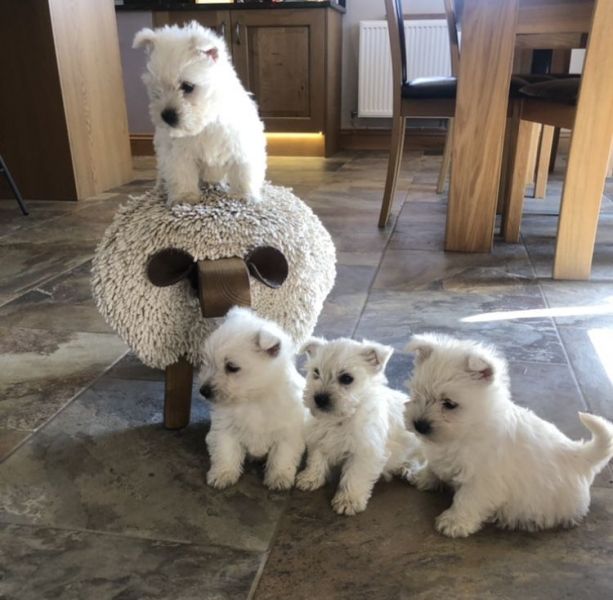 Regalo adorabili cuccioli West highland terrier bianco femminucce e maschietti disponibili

#####

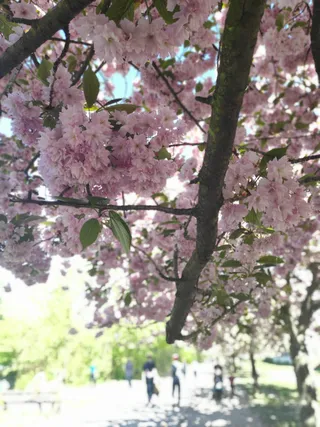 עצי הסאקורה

#####

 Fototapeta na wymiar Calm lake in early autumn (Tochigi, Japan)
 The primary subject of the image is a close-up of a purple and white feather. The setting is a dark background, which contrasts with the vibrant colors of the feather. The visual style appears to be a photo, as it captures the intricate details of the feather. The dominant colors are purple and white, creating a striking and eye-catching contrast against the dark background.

#####

_Task statement_
Restate word for word the entries above, starting at the line with "Fototapeta na wymiar" and ending at the line with "The primary subject", inclusive, and no others.

_Task answer_
 Fototapeta na wymiar Calm lake in early autumn (Tochigi, Japan)
 The primary subject of the image is a close-up of a purple and white feather. The setting is a dark background, which contrasts with the vibrant colors of the feather. The visual style appears to be a photo, as it captures the intricate details of the feather. The dominant colors are purple and white, creating a striking and eye-catching contrast against the dark background.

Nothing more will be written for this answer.